EXERCISE OBJECTIVE: When you write out the listing below, keep each word exactly as it stands and drop the pictures.

EXERCISE DATA:

Content starts

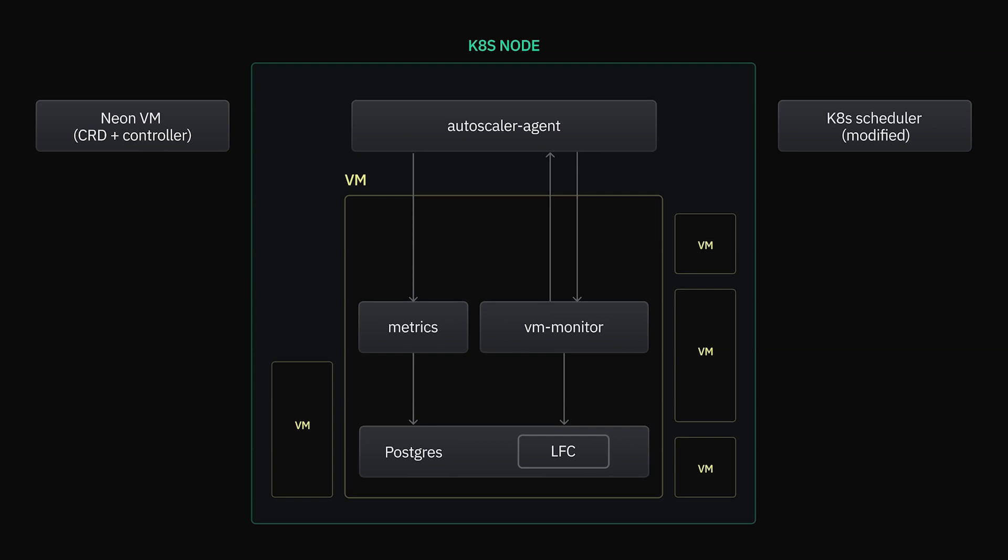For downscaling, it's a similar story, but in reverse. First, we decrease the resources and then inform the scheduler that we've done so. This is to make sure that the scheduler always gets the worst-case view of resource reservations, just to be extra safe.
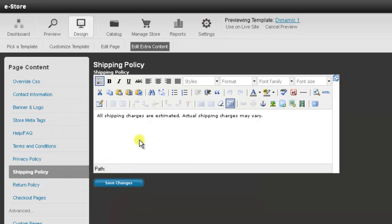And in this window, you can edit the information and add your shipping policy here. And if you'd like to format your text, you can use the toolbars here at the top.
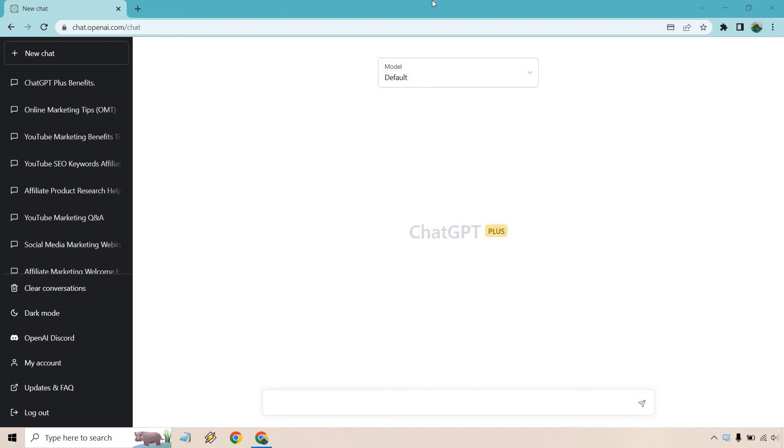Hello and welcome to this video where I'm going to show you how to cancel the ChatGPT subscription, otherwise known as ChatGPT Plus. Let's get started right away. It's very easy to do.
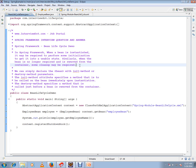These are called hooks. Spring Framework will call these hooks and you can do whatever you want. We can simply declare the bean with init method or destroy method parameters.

Content ends

RESPONSE:
For downscaling, it's a similar story, but in reverse. First, we decrease the resources and then inform the scheduler that we've done so. This is to make sure that the scheduler always gets the worst-case view of resource reservations, just to be extra safe.
And in this window, you can edit the information and add your shipping policy here. And if you'd like to format your text, you can use the toolbars here at the top.
Hello and welcome to this video where I'm going to show you how to cancel the ChatGPT subscription, otherwise known as ChatGPT Plus. Let's get started right away. It's very easy to do.
These are called hooks. Spring Framework will call these hooks and you can do whatever you want. We can simply declare the bean with init method or destroy method parameters.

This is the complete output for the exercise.